# What you need to do:
In the listing below, the answer starts at the line that has "Two-Tone Long Sleeve" and stops after the line that has "MOC - 122248"; please repeat that part exactly and nothing more.

# Available records:
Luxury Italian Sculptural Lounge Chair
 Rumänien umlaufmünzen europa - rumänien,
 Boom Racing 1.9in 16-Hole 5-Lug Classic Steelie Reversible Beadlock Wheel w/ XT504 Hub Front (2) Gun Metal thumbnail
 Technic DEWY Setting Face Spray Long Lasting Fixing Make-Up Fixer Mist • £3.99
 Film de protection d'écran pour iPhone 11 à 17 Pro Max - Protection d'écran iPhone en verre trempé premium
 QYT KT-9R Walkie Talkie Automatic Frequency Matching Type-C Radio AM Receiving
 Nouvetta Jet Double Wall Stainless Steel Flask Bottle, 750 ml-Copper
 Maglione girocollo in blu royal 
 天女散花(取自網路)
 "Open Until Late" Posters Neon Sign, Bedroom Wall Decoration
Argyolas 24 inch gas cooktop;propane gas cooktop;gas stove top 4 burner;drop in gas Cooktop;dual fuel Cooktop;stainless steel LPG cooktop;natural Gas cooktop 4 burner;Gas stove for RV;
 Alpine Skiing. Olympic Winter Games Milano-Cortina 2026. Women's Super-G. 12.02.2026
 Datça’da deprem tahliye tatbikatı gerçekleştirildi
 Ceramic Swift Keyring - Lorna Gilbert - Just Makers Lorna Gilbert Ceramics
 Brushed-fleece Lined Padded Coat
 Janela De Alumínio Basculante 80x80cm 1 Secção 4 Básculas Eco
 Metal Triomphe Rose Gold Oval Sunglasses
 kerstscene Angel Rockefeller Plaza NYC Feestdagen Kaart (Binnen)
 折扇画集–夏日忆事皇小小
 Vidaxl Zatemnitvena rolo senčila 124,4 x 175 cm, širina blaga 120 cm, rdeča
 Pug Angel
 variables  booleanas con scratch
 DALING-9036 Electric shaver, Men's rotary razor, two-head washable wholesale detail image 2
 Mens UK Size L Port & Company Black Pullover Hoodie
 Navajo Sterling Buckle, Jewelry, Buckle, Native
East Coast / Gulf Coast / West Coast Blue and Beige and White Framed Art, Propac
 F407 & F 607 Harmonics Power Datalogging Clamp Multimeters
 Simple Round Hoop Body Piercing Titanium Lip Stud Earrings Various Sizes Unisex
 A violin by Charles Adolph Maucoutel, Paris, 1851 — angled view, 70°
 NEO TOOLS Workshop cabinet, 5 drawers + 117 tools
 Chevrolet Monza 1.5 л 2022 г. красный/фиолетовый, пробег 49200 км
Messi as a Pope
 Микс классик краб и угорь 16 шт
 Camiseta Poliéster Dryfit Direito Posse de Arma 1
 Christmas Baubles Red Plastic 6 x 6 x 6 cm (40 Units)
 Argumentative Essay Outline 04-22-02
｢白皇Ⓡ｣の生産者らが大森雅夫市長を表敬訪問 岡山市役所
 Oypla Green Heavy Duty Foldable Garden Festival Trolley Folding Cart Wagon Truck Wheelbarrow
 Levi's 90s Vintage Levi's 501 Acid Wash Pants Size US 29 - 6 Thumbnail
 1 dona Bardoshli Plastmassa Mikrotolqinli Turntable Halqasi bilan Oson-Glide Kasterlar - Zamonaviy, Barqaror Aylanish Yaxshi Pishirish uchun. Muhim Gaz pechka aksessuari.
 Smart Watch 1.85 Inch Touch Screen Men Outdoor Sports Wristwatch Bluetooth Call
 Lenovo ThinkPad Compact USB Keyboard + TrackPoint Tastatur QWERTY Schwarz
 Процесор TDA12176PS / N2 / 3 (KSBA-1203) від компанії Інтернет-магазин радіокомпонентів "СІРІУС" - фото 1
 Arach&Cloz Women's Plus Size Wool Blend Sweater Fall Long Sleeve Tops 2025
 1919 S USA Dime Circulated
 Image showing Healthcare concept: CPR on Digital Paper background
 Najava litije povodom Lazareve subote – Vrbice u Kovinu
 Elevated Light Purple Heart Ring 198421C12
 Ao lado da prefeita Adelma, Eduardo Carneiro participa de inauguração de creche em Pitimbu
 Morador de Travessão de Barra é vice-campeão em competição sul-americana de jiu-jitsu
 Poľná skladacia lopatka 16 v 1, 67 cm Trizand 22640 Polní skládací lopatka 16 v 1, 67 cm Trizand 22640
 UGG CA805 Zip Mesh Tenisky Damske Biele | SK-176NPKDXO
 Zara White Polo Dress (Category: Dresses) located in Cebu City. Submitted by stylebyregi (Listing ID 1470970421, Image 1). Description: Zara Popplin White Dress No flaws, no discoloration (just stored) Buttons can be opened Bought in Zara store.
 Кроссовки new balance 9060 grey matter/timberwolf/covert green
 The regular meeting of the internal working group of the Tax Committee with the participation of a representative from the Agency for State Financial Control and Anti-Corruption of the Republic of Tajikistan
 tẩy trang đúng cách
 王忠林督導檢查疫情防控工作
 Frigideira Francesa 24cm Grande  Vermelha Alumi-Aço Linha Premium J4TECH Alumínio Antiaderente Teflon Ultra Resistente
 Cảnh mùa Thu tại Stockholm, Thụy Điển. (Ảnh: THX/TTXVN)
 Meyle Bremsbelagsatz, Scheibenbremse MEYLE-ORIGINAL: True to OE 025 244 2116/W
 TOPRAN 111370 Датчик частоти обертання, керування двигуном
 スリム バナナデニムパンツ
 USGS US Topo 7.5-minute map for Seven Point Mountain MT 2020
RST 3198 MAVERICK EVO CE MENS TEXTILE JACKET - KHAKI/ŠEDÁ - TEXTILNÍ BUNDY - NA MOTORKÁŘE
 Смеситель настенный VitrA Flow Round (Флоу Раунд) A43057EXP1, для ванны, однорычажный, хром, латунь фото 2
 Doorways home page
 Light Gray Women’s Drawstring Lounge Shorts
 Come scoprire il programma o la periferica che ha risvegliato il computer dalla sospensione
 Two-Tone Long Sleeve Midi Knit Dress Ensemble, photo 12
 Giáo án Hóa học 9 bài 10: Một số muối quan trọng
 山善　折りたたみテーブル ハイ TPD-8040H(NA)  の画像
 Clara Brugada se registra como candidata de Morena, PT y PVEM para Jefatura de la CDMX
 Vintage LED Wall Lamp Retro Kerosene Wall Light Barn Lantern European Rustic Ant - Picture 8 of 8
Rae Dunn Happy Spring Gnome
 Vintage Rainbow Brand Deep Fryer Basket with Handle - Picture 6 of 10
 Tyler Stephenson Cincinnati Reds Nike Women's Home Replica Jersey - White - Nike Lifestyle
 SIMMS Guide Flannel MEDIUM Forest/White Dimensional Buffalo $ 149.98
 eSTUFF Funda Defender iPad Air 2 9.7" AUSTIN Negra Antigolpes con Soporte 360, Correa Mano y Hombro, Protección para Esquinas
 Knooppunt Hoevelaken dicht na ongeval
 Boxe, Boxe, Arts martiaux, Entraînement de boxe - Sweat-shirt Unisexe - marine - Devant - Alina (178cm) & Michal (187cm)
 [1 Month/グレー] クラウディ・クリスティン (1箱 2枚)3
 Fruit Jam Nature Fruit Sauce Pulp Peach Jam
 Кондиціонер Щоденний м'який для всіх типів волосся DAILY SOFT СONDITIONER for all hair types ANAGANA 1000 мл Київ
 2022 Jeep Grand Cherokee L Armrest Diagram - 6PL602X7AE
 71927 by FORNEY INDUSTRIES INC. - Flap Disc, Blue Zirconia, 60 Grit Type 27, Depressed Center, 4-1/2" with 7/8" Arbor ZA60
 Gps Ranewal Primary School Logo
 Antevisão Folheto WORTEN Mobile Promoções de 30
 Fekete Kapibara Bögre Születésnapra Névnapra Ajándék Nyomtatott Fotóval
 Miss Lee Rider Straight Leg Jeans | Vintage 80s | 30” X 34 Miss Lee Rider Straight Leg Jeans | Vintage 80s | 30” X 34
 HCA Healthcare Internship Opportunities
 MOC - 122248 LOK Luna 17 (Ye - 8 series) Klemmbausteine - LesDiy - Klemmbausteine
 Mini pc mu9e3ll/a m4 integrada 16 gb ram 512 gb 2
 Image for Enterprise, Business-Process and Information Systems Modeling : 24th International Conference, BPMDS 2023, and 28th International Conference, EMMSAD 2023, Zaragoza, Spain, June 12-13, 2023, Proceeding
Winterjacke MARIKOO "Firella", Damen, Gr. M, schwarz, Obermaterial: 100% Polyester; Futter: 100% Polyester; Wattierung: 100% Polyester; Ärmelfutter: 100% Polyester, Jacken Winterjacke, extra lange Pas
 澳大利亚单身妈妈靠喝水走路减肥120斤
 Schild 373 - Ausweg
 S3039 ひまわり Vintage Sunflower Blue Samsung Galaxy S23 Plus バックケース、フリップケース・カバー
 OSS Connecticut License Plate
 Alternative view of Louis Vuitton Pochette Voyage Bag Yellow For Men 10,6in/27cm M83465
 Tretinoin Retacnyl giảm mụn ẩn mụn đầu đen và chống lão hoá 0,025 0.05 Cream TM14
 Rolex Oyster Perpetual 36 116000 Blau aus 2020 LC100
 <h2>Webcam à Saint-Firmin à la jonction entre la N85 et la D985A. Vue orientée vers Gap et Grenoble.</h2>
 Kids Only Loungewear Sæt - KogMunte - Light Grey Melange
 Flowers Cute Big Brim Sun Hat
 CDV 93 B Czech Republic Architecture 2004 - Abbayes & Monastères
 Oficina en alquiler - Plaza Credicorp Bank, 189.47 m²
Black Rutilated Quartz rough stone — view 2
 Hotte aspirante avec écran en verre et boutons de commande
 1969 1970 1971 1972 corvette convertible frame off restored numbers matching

# Your solution:
 Two-Tone Long Sleeve Midi Knit Dress Ensemble, photo 12
 Giáo án Hóa học 9 bài 10: Một số muối quan trọng
 山善　折りたたみテーブル ハイ TPD-8040H(NA)  の画像
 Clara Brugada se registra como candidata de Morena, PT y PVEM para Jefatura de la CDMX
 Vintage LED Wall Lamp Retro Kerosene Wall Light Barn Lantern European Rustic Ant - Picture 8 of 8
Rae Dunn Happy Spring Gnome
 Vintage Rainbow Brand Deep Fryer Basket with Handle - Picture 6 of 10
 Tyler Stephenson Cincinnati Reds Nike Women's Home Replica Jersey - White - Nike Lifestyle
 SIMMS Guide Flannel MEDIUM Forest/White Dimensional Buffalo $ 149.98
 eSTUFF Funda Defender iPad Air 2 9.7" AUSTIN Negra Antigolpes con Soporte 360, Correa Mano y Hombro, Protección para Esquinas
 Knooppunt Hoevelaken dicht na ongeval
 Boxe, Boxe, Arts martiaux, Entraînement de boxe - Sweat-shirt Unisexe - marine - Devant - Alina (178cm) & Michal (187cm)
 [1 Month/グレー] クラウディ・クリスティン (1箱 2枚)3
 Fruit Jam Nature Fruit Sauce Pulp Peach Jam
 Кондиціонер Щоденний м'який для всіх типів волосся DAILY SOFT СONDITIONER for all hair types ANAGANA 1000 мл Київ
 2022 Jeep Grand Cherokee L Armrest Diagram - 6PL602X7AE
 71927 by FORNEY INDUSTRIES INC. - Flap Disc, Blue Zirconia, 60 Grit Type 27, Depressed Center, 4-1/2" with 7/8" Arbor ZA60
 Gps Ranewal Primary School Logo
 Antevisão Folheto WORTEN Mobile Promoções de 30
 Fekete Kapibara Bögre Születésnapra Névnapra Ajándék Nyomtatott Fotóval
 Miss Lee Rider Straight Leg Jeans | Vintage 80s | 30” X 34 Miss Lee Rider Straight Leg Jeans | Vintage 80s | 30” X 34
 HCA Healthcare Internship Opportunities
 MOC - 122248 LOK Luna 17 (Ye - 8 series) Klemmbausteine - LesDiy - Klemmbausteine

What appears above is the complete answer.